Kreis Böblingen: Landrat Roland Bernhard schreibt Bundesgesundheitsminister Lauterbach
Kreis Böblingen / Berlin. Der Landrat Roland Bernhard hat einen offenen Brief an den Bundesgesundheitsminister Prof. Dr. Karl Lauterbach verfasst. Darin bringt es Roland Bernhard auf den Punkt: „Die Reform ist notwendig, doch sie darf nicht zur Revolution werden“.
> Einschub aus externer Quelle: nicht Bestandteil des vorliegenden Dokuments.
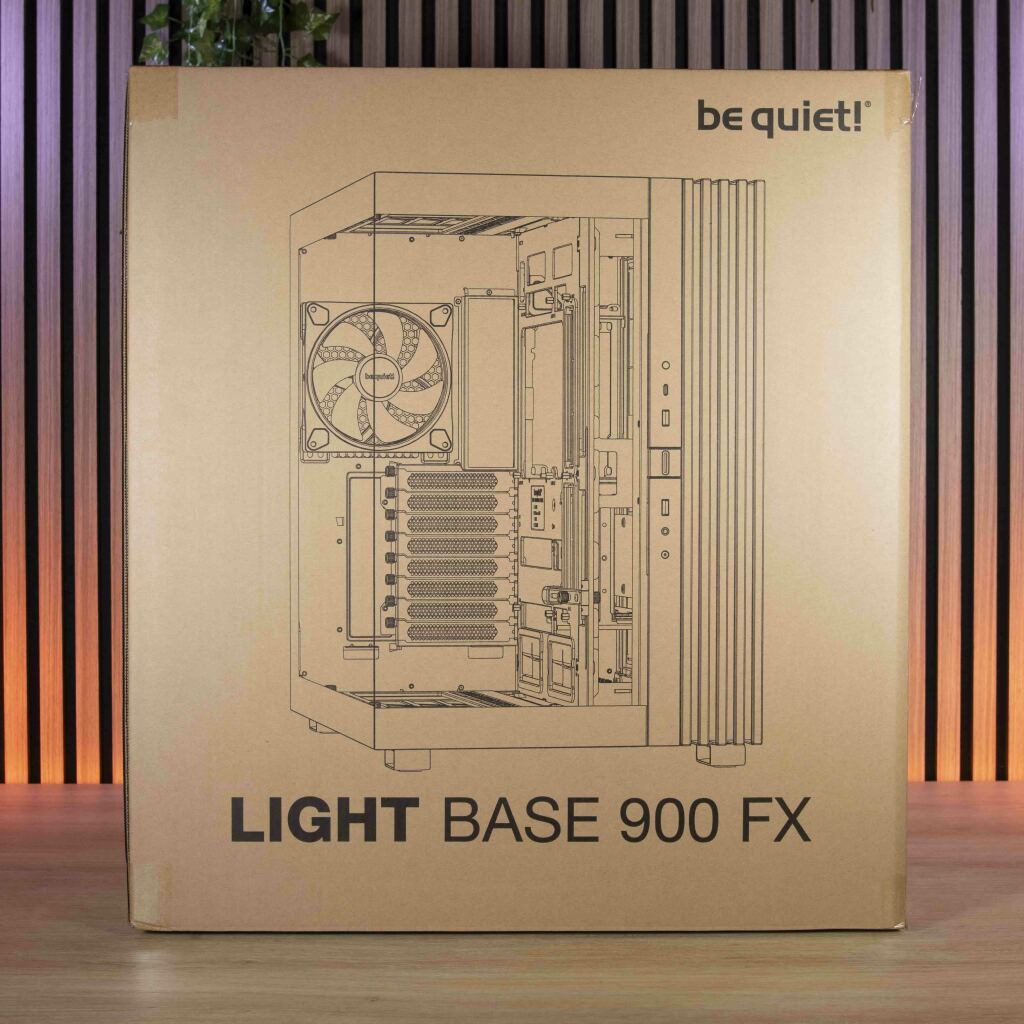 be quiet! Light Base 900 FX emballage face avant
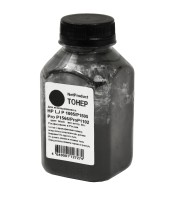 Тонер NetProduct для HP LJ P1005/P1505/ProP1566/ProP1102, Bk, 60 г, банка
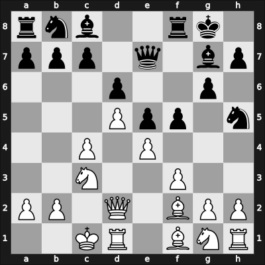 1958 WchT U26 prel-B 05th – Round 2 – Thorbergsson, Freysteinn – 1/2-1/2 – Saidy, Anthony – G7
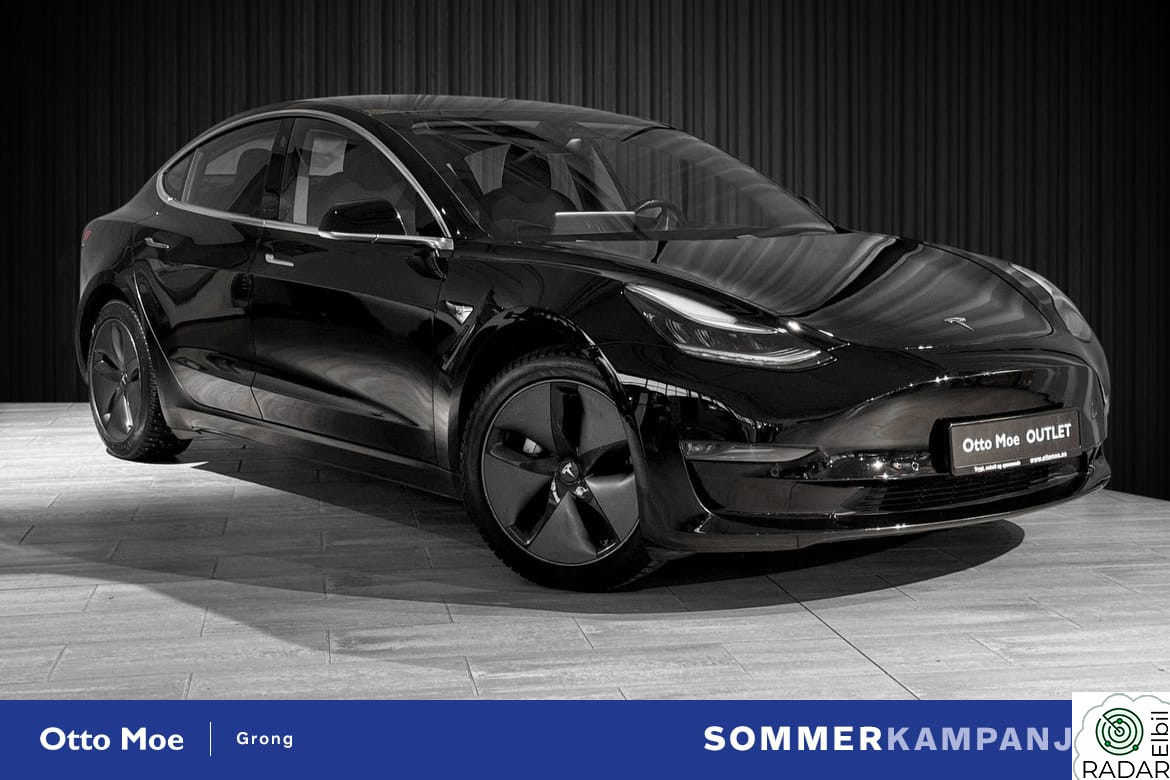 TESLA Model 3 ENDELIG VÅRKAMPANJE MED RENTE FRA KUN 2,99%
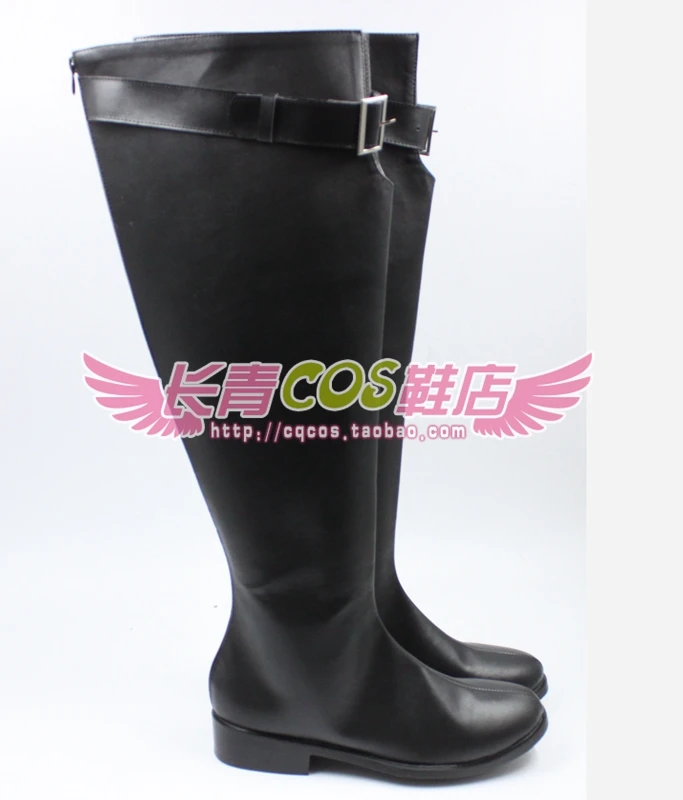 Обувь для косплея Togainu no Chi EMMA сапоги на заказ 0704 | Тематическая одежда и униформа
In dem Brief heißt es unter anderem: „Die Krankenhausreform, wie sie momentan zur Debatte steht, wird drastische Auswirkungen haben. Berechnungen der Deutschen Krankenhausgesellschaft (DKG) und der Baden-Württembergischen Krankenhausgesellschaft (BWKG) zeigen: Von den in Baden-Württemberg untersuchten 186 Krankenhäusern wären lediglich 33 in den angedachten Versorgungsstufen 2 und 3; für bis zu 136 Häuser (fast 3 von 4) wäre die Zukunft ungewiss. Das sind gewaltige Ankündigungen, die mir als Landrat und Aufsichtsratsvorsitzendem der Kreiskliniken Böblingen gGmbH in der Trägerschaft des Landkreises Böblingen größte Sorgen bereitet.“
Die Kreiskliniken Böblingen gGmbH ist Teil des Klinikverbunds Südwest (KVSW), dessen Träger die beiden Nachbarkreise Böblingen und Calw sind. Bei dessen Fusion 2006 war es das Ziel, eine wohnortnahe Versorgung zu gewährleisten; heute ist der KVSW mit sechs Standorten (vier davon im Landkreis Böblingen) und rund 6000 Mitarbeitenden eine der größten und leistungsfähigsten kommunalen Gesundheitseinrichtungen in Süddeutschland. Wie wichtig auch kleinere Häuser sind, das haben insbesondere die vergangenen Pandemiejahre gezeigt; in den vier Kliniken im Landkreis Böblingen wurden über 6000 stationäre Corona-Patienten versorgt, rund ein Drittel in den kleineren Standorten Herrenberg und Leonberg. Durch diese Entzerrung konnten die großen Versorger zum Beispiel in den onkologischen Zentren zeitkritische Tumorpatienten behandeln.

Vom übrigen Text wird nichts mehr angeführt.